1. Create folders **.github/workflows** and **databricks-notebooks** in your Git repo.

1. Upload **pr_commit_run_databricks_etl_job.yml** file in **lakeFS-samples/01_standalone_examples/databricks-ci-cd/.github/workflows** folder to **.github/workflows** folder in your Git repo.

1. Upload all files in **lakeFS-samples/01_standalone_examples/databricks-ci-cd/databricks-notebooks** folder to **databricks-notebooks** folder in your Git repo.

1. Add following secrets in your Git repo by following [Creating secrets for a repository docs](https://docs.github.com/en/actions/security-guides/using-secrets-in-github-actions#creating-secrets-for-a-repository).
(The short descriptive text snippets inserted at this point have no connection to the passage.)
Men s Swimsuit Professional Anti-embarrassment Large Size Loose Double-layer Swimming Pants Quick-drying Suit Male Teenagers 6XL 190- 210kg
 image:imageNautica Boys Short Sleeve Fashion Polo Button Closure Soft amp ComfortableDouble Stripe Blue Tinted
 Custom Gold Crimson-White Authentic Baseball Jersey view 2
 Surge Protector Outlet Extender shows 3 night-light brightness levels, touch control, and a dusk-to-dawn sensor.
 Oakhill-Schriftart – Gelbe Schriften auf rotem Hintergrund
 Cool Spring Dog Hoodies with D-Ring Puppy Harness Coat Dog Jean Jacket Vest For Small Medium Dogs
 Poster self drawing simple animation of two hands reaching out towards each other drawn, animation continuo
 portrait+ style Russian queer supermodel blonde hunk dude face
This is the Databricks token created in 1st step above. If you copy & paste the secret name then verify that there are no spaces before and after the secret name.

DATABRICKS_TOKEN


1. Add following variables in your Git repo by following [Creating configuration variables for a repository docs](https://docs.github.com/en/actions/learn-github-actions/variables#creating-configuration-variables-for-a-repository):
* Variable to store your [Databricks host name or URL](https://docs.databricks.com/en/workspace/workspace-details.html#workspace-instance-names-urls-and-ids) e.g. https://cust-success.cloud.databricks.com

DATABRICKS_HOST

* Variable to store your [Databricks Cluster ID](https://docs.databricks.com/en/workspace/workspace-details.html#cluster-url-and-id) e.g. 1115-164516-often242

DATABRICKS_CLUSTER_ID

* Variable to store your [Databricks Workspace Folder path](https://docs.databricks.com/en/workspace/workspace-details.html#folder-id) e.g. /Shared/lakefs_demos/ci_cd_demo or /Users/[email protected]/MyFolder/lakefs_demos/ci_cd_demo

DATABRICKS_WORKSPACE_NOTEBOOK_PATH

* Variable to store your Databricks Secret Scope created in 2nd step e.g. demos

DATABRICKS_SECRET_SCOPE

* Variable to store your lakeFS End Point e.g. https://company.region.lakefscloud.io

LAKEFS_END_POINT

* Variable to store your lakeFS repository name (which will be created by this demo) e.g. databricks-ci-cd-repo

LAKFES_REPO_NAME

* Variable to store the storage namespace for the lakeFS repo. It is a location in the underlying storage where data for lakeFS repository will be stored. e.g. s3://example

LAKEFS_REPO_STORAGE_NAMESPACE

* Variable to store the storage namespace where Delta tables created by this demo will be stored e.g. s3://data-source/delta-tables. Do NOT use the same storage namespace as above.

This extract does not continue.